Exactly the lines starting at the line containing "Grote foto vidaxl" and ending at the line containing "Santo Amaro da" are to be written out from the listing below, both included.

→ Given data
┌────────

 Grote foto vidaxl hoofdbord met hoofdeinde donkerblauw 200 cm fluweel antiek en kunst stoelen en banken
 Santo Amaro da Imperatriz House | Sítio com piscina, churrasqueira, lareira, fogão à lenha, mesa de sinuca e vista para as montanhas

└────────
┌────────

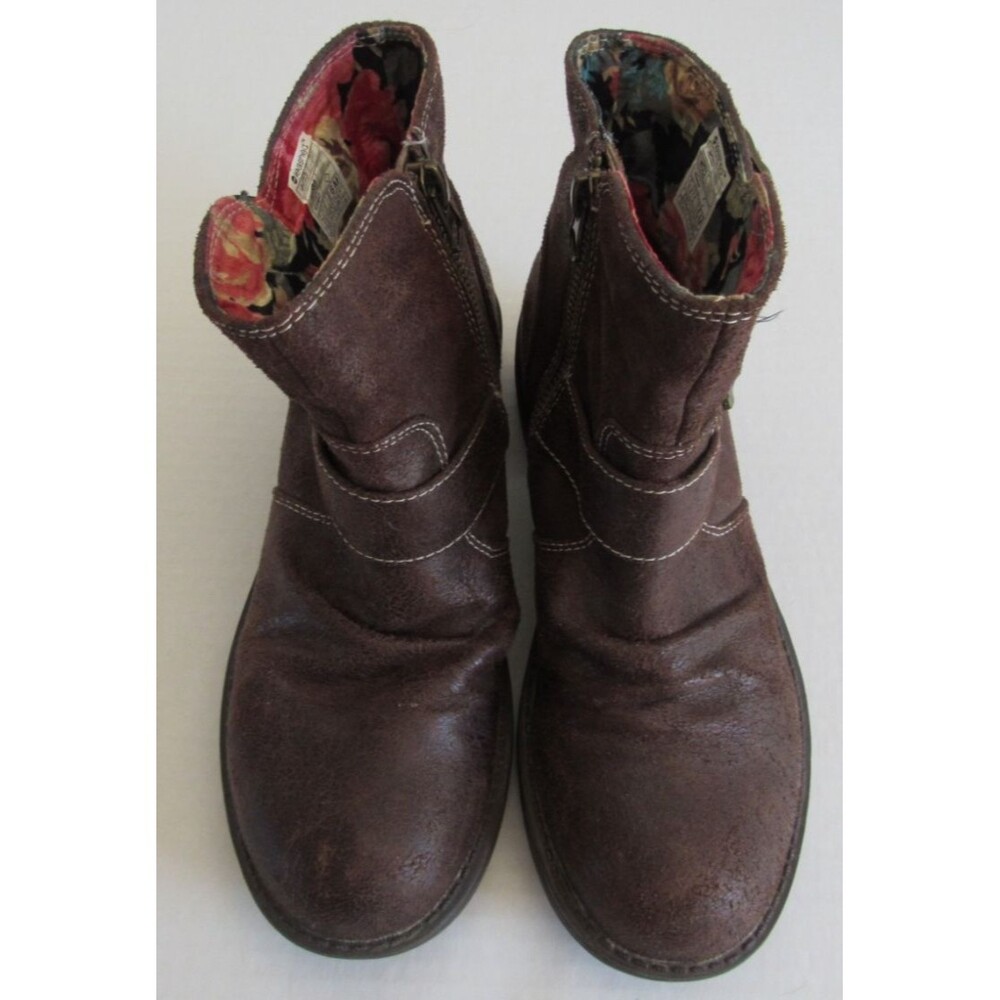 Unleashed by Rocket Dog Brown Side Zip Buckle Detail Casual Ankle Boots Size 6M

└────────
┌────────

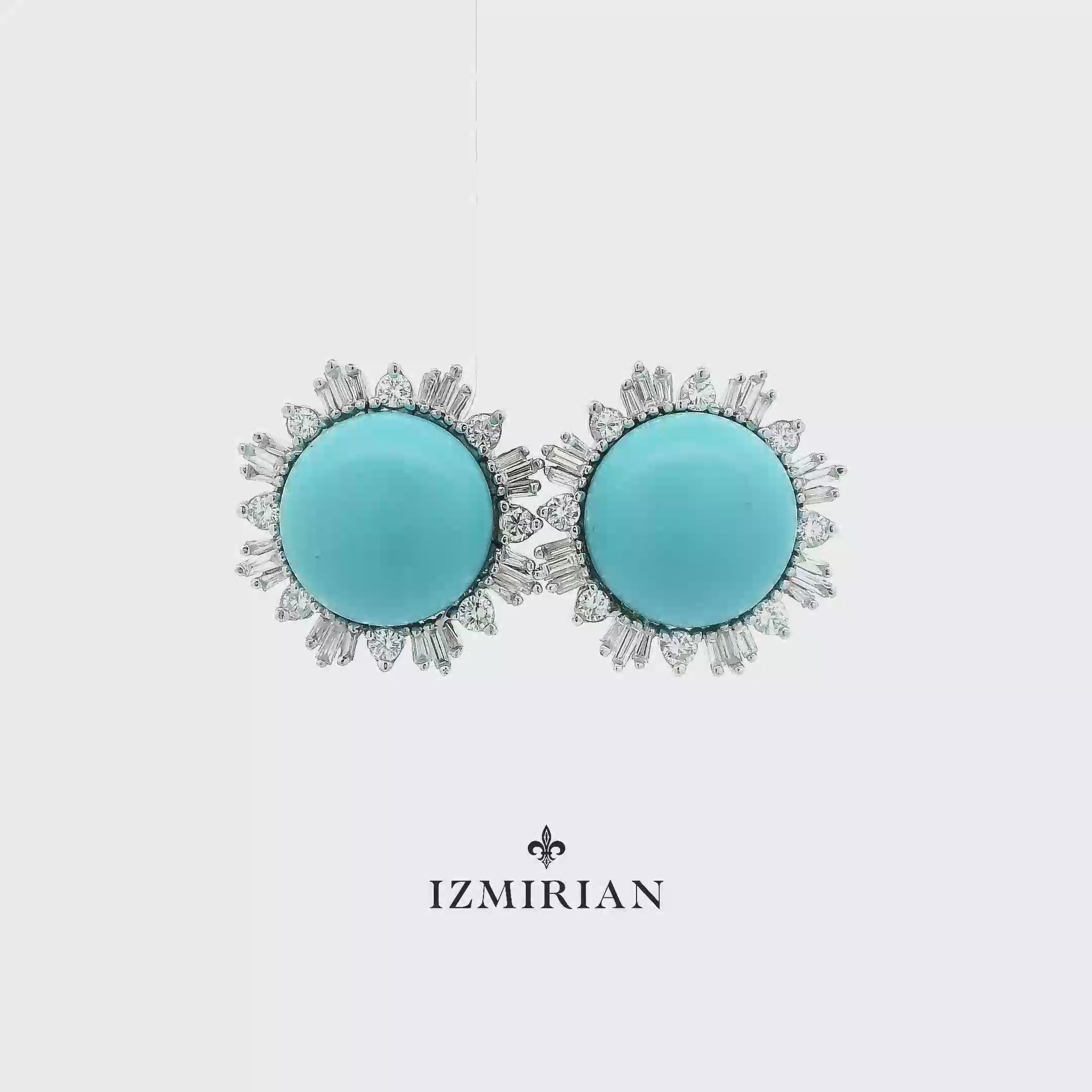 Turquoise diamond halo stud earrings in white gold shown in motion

└────────

→ Result
 Grote foto vidaxl hoofdbord met hoofdeinde donkerblauw 200 cm fluweel antiek en kunst stoelen en banken
 Santo Amaro da Imperatriz House | Sítio com piscina, churrasqueira, lareira, fogão à lenha, mesa de sinuca e vista para as montanhas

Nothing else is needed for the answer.